*** Block opens ***
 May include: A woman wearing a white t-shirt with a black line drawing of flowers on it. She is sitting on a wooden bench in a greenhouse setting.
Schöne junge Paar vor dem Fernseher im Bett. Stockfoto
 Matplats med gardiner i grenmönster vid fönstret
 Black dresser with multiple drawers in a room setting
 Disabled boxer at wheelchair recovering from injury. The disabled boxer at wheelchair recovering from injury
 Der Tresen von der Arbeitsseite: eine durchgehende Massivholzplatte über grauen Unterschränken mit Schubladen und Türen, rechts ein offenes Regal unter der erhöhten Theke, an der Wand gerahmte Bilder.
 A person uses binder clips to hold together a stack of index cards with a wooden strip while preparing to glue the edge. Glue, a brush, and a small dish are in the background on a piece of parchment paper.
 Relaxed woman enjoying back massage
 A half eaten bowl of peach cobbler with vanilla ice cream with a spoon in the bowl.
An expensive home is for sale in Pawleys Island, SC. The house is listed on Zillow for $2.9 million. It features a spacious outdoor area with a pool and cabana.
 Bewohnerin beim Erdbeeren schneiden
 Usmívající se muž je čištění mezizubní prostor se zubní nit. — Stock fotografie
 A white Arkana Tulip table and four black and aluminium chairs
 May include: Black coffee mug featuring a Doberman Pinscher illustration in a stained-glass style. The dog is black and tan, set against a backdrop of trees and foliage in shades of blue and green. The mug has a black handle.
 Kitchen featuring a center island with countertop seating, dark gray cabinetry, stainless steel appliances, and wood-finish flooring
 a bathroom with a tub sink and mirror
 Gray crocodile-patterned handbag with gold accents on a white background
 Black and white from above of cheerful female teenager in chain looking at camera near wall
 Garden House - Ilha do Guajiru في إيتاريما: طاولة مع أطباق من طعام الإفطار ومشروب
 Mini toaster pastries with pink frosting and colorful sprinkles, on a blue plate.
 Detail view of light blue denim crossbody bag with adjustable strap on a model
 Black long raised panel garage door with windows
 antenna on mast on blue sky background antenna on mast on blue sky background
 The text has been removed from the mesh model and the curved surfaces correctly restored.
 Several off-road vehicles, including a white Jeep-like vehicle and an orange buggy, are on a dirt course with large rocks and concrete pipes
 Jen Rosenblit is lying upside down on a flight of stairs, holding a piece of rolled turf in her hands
*** Block closes ***
* Activity
Copy every record once more, exactly as given.

* Solution to this problem
 May include: A woman wearing a white t-shirt with a black line drawing of flowers on it. She is sitting on a wooden bench in a greenhouse setting.
Schöne junge Paar vor dem Fernseher im Bett. Stockfoto
 Matplats med gardiner i grenmönster vid fönstret
 Black dresser with multiple drawers in a room setting
 Disabled boxer at wheelchair recovering from injury. The disabled boxer at wheelchair recovering from injury
 Der Tresen von der Arbeitsseite: eine durchgehende Massivholzplatte über grauen Unterschränken mit Schubladen und Türen, rechts ein offenes Regal unter der erhöhten Theke, an der Wand gerahmte Bilder.
 A person uses binder clips to hold together a stack of index cards with a wooden strip while preparing to glue the edge. Glue, a brush, and a small dish are in the background on a piece of parchment paper.
 Relaxed woman enjoying back massage
 A half eaten bowl of peach cobbler with vanilla ice cream with a spoon in the bowl.
An expensive home is for sale in Pawleys Island, SC. The house is listed on Zillow for $2.9 million. It features a spacious outdoor area with a pool and cabana.
 Bewohnerin beim Erdbeeren schneiden
 Usmívající se muž je čištění mezizubní prostor se zubní nit. — Stock fotografie
 A white Arkana Tulip table and four black and aluminium chairs
 May include: Black coffee mug featuring a Doberman Pinscher illustration in a stained-glass style. The dog is black and tan, set against a backdrop of trees and foliage in shades of blue and green. The mug has a black handle.
 Kitchen featuring a center island with countertop seating, dark gray cabinetry, stainless steel appliances, and wood-finish flooring
 a bathroom with a tub sink and mirror
 Gray crocodile-patterned handbag with gold accents on a white background
 Black and white from above of cheerful female teenager in chain looking at camera near wall
 Garden House - Ilha do Guajiru في إيتاريما: طاولة مع أطباق من طعام الإفطار ومشروب
 Mini toaster pastries with pink frosting and colorful sprinkles, on a blue plate.
 Detail view of light blue denim crossbody bag with adjustable strap on a model
 Black long raised panel garage door with windows
 antenna on mast on blue sky background antenna on mast on blue sky background
 The text has been removed from the mesh model and the curved surfaces correctly restored.
 Several off-road vehicles, including a white Jeep-like vehicle and an orange buggy, are on a dirt course with large rocks and concrete pipes
 Jen Rosenblit is lying upside down on a flight of stairs, holding a piece of rolled turf in her hands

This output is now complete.